Bei der UN-Klimakonferenz in Madrid ist das Plenum zu seiner Abschlusssitzung zusammengekommen: Fast alle Fragen blieben ungeklärt, Entscheidungen wurden auf 2020 verschoben.

 

Der UN-Klimagipfel ist am Sonntag nach langen Verhandlungen ohne konkrete Ergebnisse zu Ende gegangen. Die Kernthemen wurden auf kommendes Jahr vertagt, die Teilnehmer konnten sich auf nicht mehr als auf vage Absichtserklärungen einigen.

Zum Abschluss der UN-Klimakonferenz haben die Delegierten aus fast 200 Ländern lediglich die allgemeine Notwendigkeit anerkannt, dass alle ihre nationalen Klimaschutzziele deutlich anheben müssen. In dem Beschluss, der am Sonntag im Abschlussplenum gefasst wurde, werden alle Staaten "ermutigt", 2020 auf Grundlage der Wissenschaft "die höchstmögliche Ambition als Reaktion auf die Dringlichkeit" des Kampfs gegen den Klimawandel zu zeigen.

Das Regelbuch für die Pariser Klimaziele konnte indes nicht abgeschlossen werden. 2020 muss hier und bei den anderen Punkten spätestens bei der COP26 in Glasgow ein Lösung gefunden werden. Ein schwacher Kompromiss beim internationalen Handel mit Klimaschutz-Gutschriften wurde von der EU abgelehnt. Von Österreichs NGOs kritisierte der WWF das Resultat als "politische Bankrotterklärung", die Ergebnisse "werden dem weltweiten Klimanotstand in keiner Weise gerecht", stellte Global 2000 fest. "Die Klimakonferenz der Schande endet mit einem völlig unzureichendem Minimalkompromiss", lautete das Statement von Greenpeace.
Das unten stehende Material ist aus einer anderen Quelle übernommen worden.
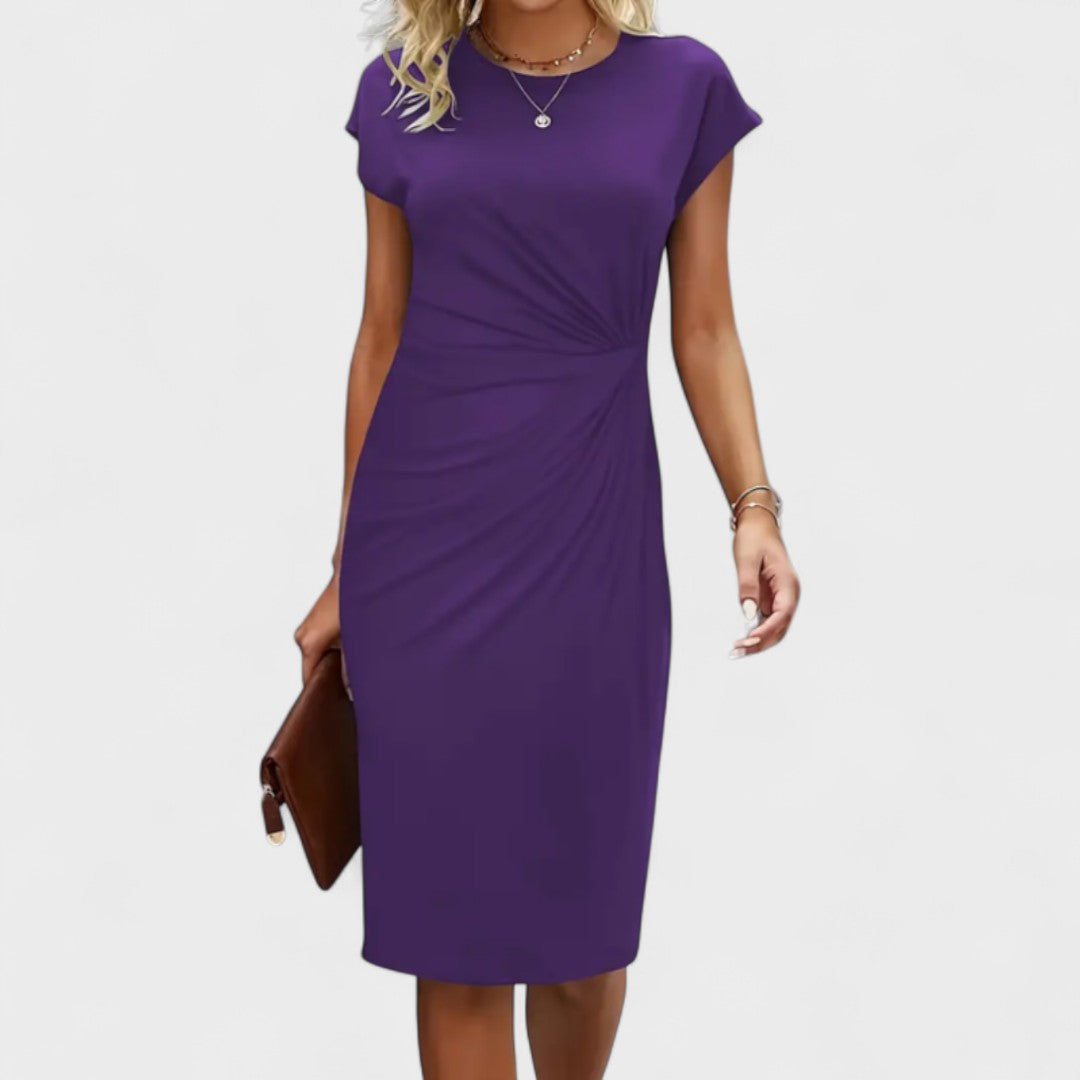 MIRANDA – SLANKE TWIST JURK MET SILHOUET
Damit soll die Umsetzung des Pariser Klimaabkommens noch gelingen. Es sieht vor, die Erderwärmung auf ein beherrschbares Maß von deutlich unter zwei Grad, möglichst aber 1,5 Grad zu begrenzen. Selbst wenn die Staaten des Abkommens ihre Zusagen vollständig umsetzen, steuert die Welt auf eine gefährliche Erwärmung von mindestens drei Grad zu. Daher wurde in dem Konferenzbeschluss mit "ernster Sorge" auf die "Kluft" zwischen den tatsächlichen Klimaschutzanstrengungen und den notwendigen Maßnahmen zur Erfüllung der Paris-Ziele hingewiesen.

Technische Probleme

Bei der vermutlich letzten Plenarsitzung des Weltklimagipfels in Madrid gab es am Sonntagmorgen einige Verwirrung. Einige der fast 200 Teilnehmerstaaten sprachen von technischen Problemen bei der Lektüre der Textentwürfe. Die chilenische Konferenzleitung musste mehrmals Erklärungen dazu abgeben, während Vertreter einiger Länder mehr Zeit forderten, um die Dokumente zu studieren. Offenbar gab es Internetprobleme.

Offiziell müssen die neuen nationalen Klimaschutzpläne zur Umsetzung des Paris-Abkommens vorgelegt werden. Von der Weltklimakonferenz in Madrid war aber aufgrund der fortschreitenden Erderwärmung ein starkes Signal erwartet worden, dass die internationale Gemeinschaft den klaren Willen zu ehrgeizigeren Maßnahmen hat. Auch über andere Themen war in Madrid hart gerungen worden. Die Absegnung der Beschlüsse im Plenum dauerten Sonntagmittag noch an.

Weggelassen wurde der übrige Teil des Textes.